Engagement and Communication – The most important part of the process is a thorough and genuine consultation with staff at all levels to see how the proposed change will affect them and what concerns they might have. With Activity Based working these often centre around the lack of a personal space, and the aforementioned uncertainty around trust from the managers’ perspective.
Implementation – The change is carried out in the stages identified by the framework.
Evaluation – Regular evaluations carried out over a time period, with opportunity to adjust any elements of the new system that aren’t working.
So how can Gustav help with this process? From working with several companies who have made the shift to ABW over recent years, we have been pleased to see how Gustav has been a vital ingredient in the change management process. Here we consider 5 ways in which Gustav can help with the process of switching to ABW.
A key feature of ABW is the fact that workers are encouraged to move around their workspace (or beyond) as the requirements of their tasks demand: quiet spaces for focussed work; meeting rooms for collaboration, etc. It goes without saying that the ‘office in a box’, Gustav makes this easy, as staff can carry around all their essential items from place to place and set up again in no time. Showing an existing example of Gustav in action can help alleviate concerns around how this more mobile way of working can become a reality.
A Practical Answer to the Storage Question
One of the most significant changes to when moving to an Activity Based Working office is the lack of storage. Individual desks and all the opportunity for clutter they provide are no longer there, while use of paper is minimised. Staff and managers alike often struggle to envisage how this could possibly work. By introducing Gustav early in the consultancy process, senior managers can demonstrate a tangible answer to the question as staff will see how they still have the opportunity to store all their essential items. The fact that Gustav has been designed to fit into a standard locker will also reassure those who worry that setting up their space each day will take too much time.
Emphasising the Autonomy Positive
One of the greatest benefits to Activity Based Working is the level of flexibility and autonomy it affords staff. This aligns with Gustav’s goal to help workers ‘make any space your space’. In our experience, introducing staff to Gustav early in the process of making the switch to ABW enables them to see this positive – to picture themselves replying to emails from their favourite café or a beachside apartment somewhere. By helping to emphasise the positives of ABW, Gustav can help make the change management process a little smoother.

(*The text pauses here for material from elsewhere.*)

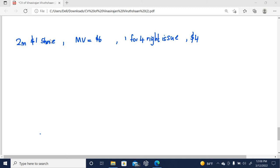Hi guys, in this video we are going to learn what's meant by the theoretical ex-rights price. If you are new to this expert tutorial, don't forget to subscribe. Let's move to the session.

One common objection to the implementation of Activity Based Working is that employees feel that no space is theirs, and many miss the chance to personalise a small corner of an office with family photos and other items. This concern was at the front of our minds when we designed Gustav, and we were careful to allow ways for Gustav to be individualised. Open up your Gustav, and you’ll immediately feel like your in a familiar place.

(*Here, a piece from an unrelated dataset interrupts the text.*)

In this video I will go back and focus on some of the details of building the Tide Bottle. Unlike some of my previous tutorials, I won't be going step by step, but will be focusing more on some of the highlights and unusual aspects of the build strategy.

A key requirement when switching to Activity Based Working is to make sure the technology is fit for purpose and allows staff to work effectively both in and out of the office. While Gustav won’t improve the quality of your intranet system, it has been designed with flexible working technology in mind. Once opened, Gustav works as an ergonomic laptop stand. The handles on either side double up as holes for power leads to make charging easy, while the rail on the front serves as a phone or tablet stand. It’s the perfect way to help staff work from anywhere.

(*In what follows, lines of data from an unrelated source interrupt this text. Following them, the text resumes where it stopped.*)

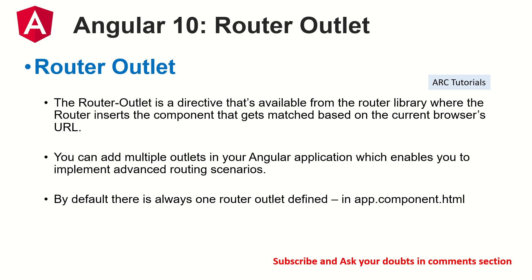So router outlet is a built-in directive. It's available in Angular application framework. Now, whenever we have a route that matches exactly with the component, it will take the output of the component and insert it into the browser, into the DOM basically.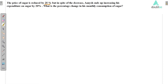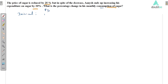The price of sugar is reduced by 25 percent, but in spite of the decrease, Ayush ends up increasing his expenditure on sugar by 20 percent. What is the percentage change in his monthly consumption of sugar? So we have to find the percentage change in the monthly consumption of sugar. Let's take the initial price of sugar as 100 and initial expenditure also as 100.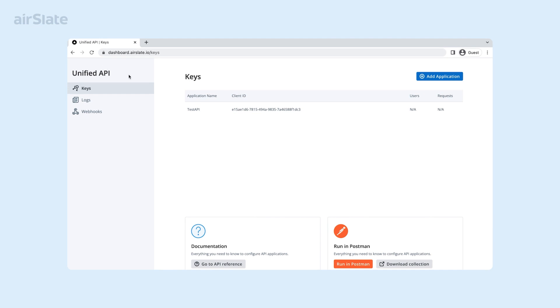Let's take a look at the AirSlate API dashboard and its sections and features. Let's start with the three sections on the left.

Switching to a new way of working is never easy, and the importance of a well thought through change management process cannot be underestimated. Providing as many tangible examples of how the new way of working might look is useful, as it will help dispel fears and even create excitement around the new approach. As a workplace tool that was designed specifically for flexible working, Gustav will provide managers and staff alike with an attractive and appealing example of their future working arrangements.